What needs to be done.
Return exactly those lines of the material below that fall between the line holding "Red Car Design" and the line holding "Trendyol - Printed boyfriend T-shirt - pink", inclusive.

Source data.
==================================================

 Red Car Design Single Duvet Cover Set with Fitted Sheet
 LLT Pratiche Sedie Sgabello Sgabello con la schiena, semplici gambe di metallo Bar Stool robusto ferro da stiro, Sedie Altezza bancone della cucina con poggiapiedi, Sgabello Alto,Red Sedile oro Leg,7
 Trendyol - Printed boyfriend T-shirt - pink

==================================================

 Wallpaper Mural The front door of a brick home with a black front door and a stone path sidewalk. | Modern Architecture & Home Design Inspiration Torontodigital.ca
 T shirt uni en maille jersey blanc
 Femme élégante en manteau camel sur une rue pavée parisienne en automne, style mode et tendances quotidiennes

==================================================

Solution to the problem.
 Red Car Design Single Duvet Cover Set with Fitted Sheet
 LLT Pratiche Sedie Sgabello Sgabello con la schiena, semplici gambe di metallo Bar Stool robusto ferro da stiro, Sedie Altezza bancone della cucina con poggiapiedi, Sgabello Alto,Red Sedile oro Leg,7
 Trendyol - Printed boyfriend T-shirt - pink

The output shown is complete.